-- Exercise objective --
Transcribe exactly everything in the data below from the line containing "Coxtor Car Cover" down to the line containing "smt貼片加工中焊點的評判標準是什么？", both lines included and nothing further.

(Data)

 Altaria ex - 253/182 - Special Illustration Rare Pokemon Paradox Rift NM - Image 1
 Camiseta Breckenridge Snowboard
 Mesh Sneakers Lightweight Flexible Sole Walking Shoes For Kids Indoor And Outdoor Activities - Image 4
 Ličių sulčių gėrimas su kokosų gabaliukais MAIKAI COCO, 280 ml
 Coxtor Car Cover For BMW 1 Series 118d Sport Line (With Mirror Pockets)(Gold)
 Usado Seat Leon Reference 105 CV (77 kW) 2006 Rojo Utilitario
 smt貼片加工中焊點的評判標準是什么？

(End Data)
(Data)

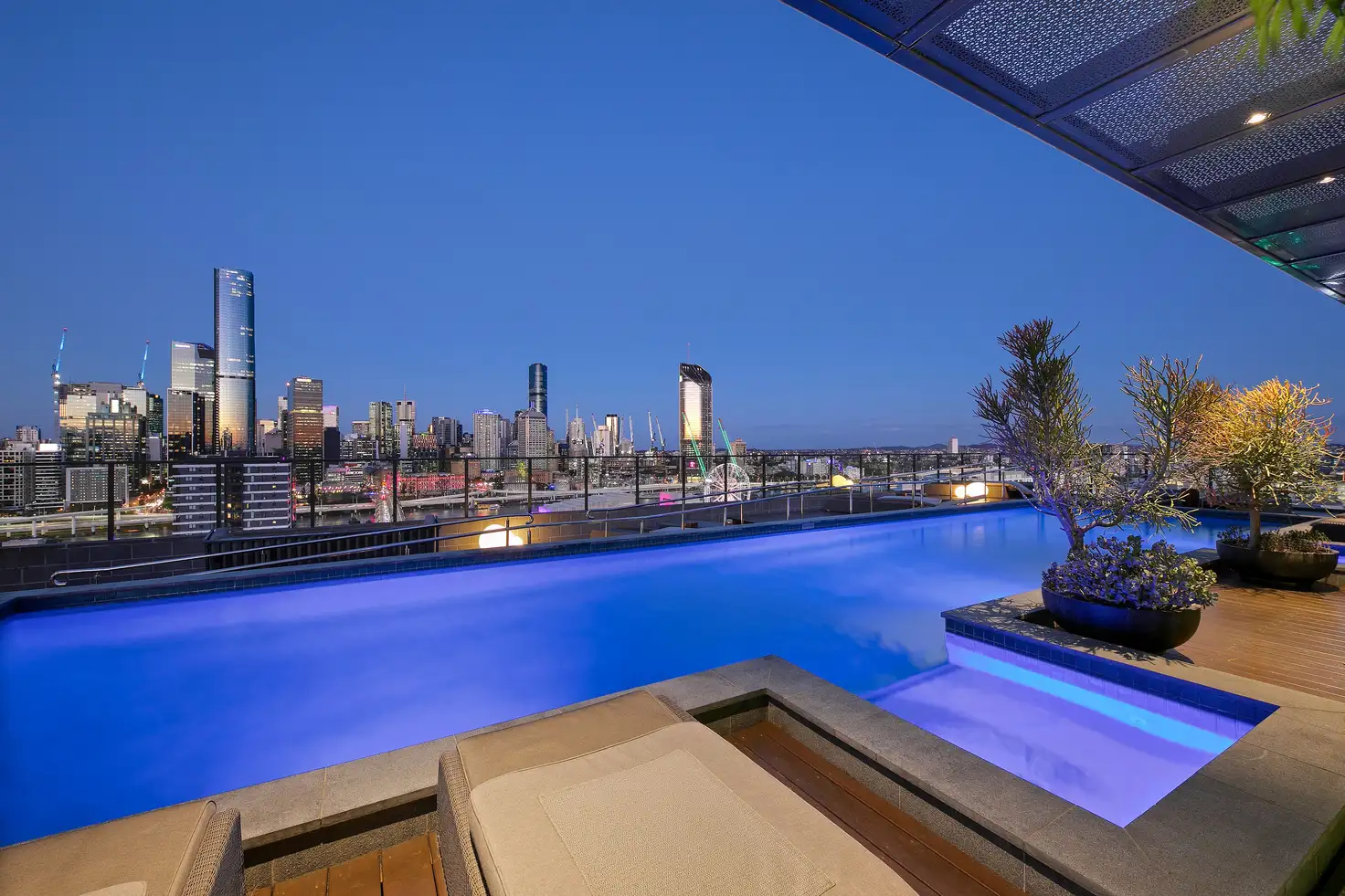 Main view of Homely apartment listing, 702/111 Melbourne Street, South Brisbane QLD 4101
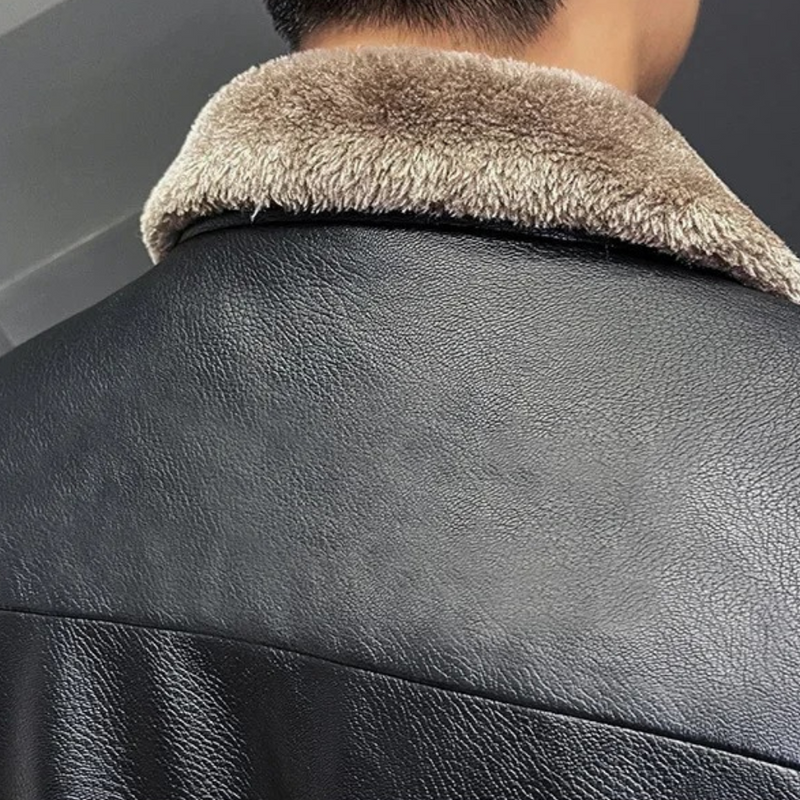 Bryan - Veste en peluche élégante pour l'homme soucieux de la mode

(End Data)

-- Answer to this exercise --
 Coxtor Car Cover For BMW 1 Series 118d Sport Line (With Mirror Pockets)(Gold)
 Usado Seat Leon Reference 105 CV (77 kW) 2006 Rojo Utilitario
 smt貼片加工中焊點的評判標準是什么？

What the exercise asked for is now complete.